• **WHAT IS NEEDED**: Your output should consist solely of the lines from the one holding "New Insulating Heat-Resistant" to the end of the records below, inclusive, reproduced exactly and free of pictures.

• **Pictures with short captions**:
================

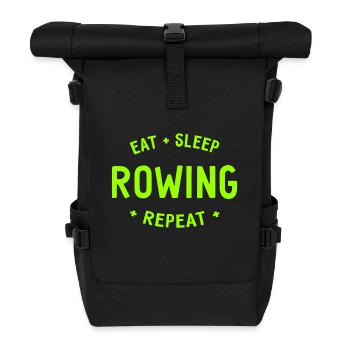 Eat Sleep Rowing Repeat Rowing Rowers - Roll Top Backpack - black - Front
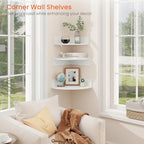 Homode Floating Corner Shelves, Set of 3 Wood Corner Wall Shelves with Wire Hole, 12 Inch Deep Hanging Corner Display Shelf for Living Room, Kitchen, Bedroom, White - Image 4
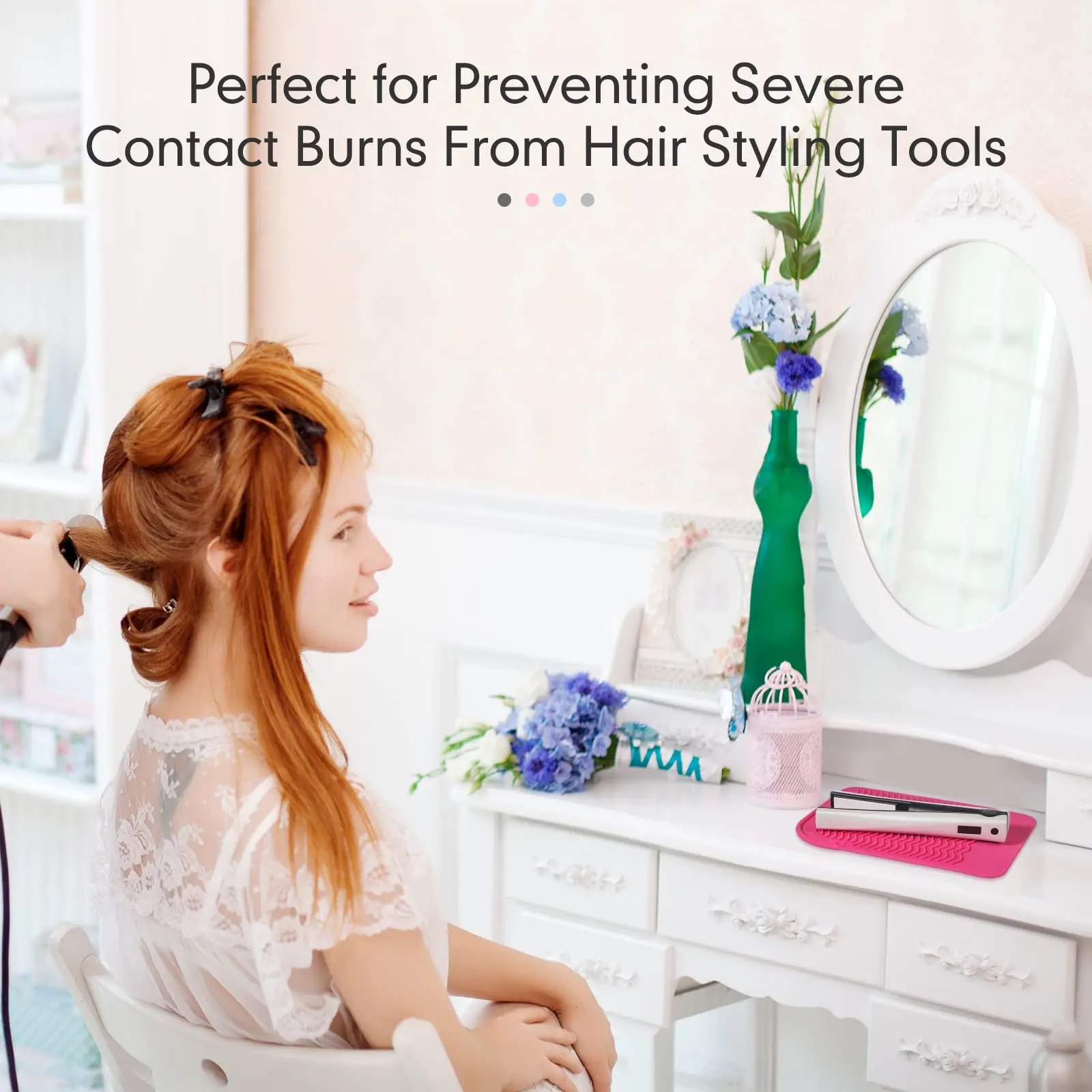 New Insulating Heat-Resistant Silicone Pad Flat Iron Hair Straightener Mat Curling Iron Pad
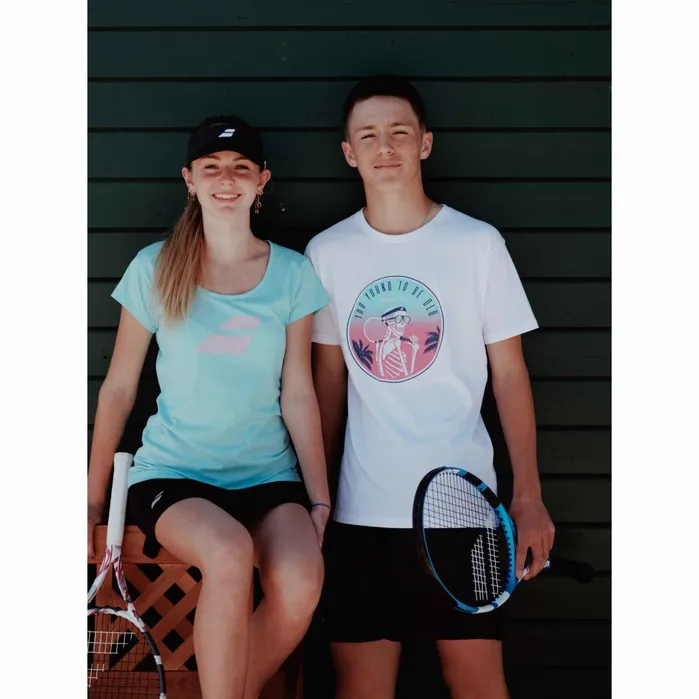 Men Tops Babolat Exercise Message Tee Heather Whitepink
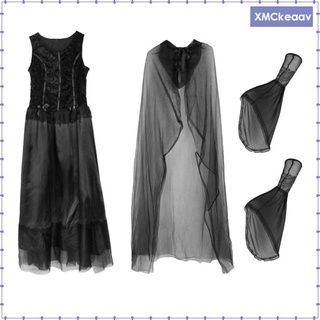[Ready Stock] Vestido gtico victoriano de la bruja del vampiro del Renacimiento Medieval de Halloween Cosplay disfraz con capucha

================

• **SOLUTION**:
 New Insulating Heat-Resistant Silicone Pad Flat Iron Hair Straightener Mat Curling Iron Pad
 Men Tops Babolat Exercise Message Tee Heather Whitepink
[Ready Stock] Vestido gtico victoriano de la bruja del vampiro del Renacimiento Medieval de Halloween Cosplay disfraz con capucha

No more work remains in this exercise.